La extenuante jornada en Florida cobró factura al «Androide». El intenso calor del lugar impactó visiblemente en el rendimiento de Haaland, quien terminó con las piernas pesadas y una clara falta de los espacios que suele explotar con su habitual maestría. Los defensores ingleses John Stones y Marc Guehi, compañeros suyos en el Manchester City, lograron neutralizarlo con una eficiencia que demostró su profundo conocimiento del atacante.
A lo largo del encuentro, las oportunidades de Haaland frente al arco rival fueron escasas. Incluso protagonizó una de las jugadas más polémicas del partido: a los 57 minutos, se le sancionó una falta sobre Elliot Anderson durante un tiro de esquina. Esta acción derivó en la anulación de un gol noruego, anotado por el defensor Torbjørn Heggem, privando a Noruega de una de sus pocas chances de cambiar el rumbo del encuentro.
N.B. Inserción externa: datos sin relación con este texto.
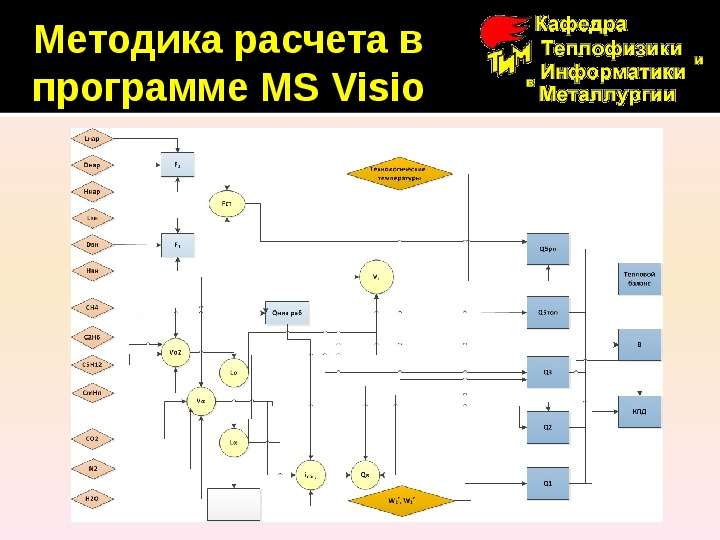 Расчет обеспечения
La decisión final llegó en el entretiempo del alargue, cuando el seleccionador noruego Ståle Solbakken optó por reemplazarlo. En su lugar ingresó Jørgen Strand Larsen. De esta manera, el goleador que en octavos de final había hecho vibrar a su país con un doblete inolvidable frente a Brasil, se despidió del Mundial 2026 observando el final del sueño noruego, un desenlace que contrastó fuertemente con su poderosa imagen habitual.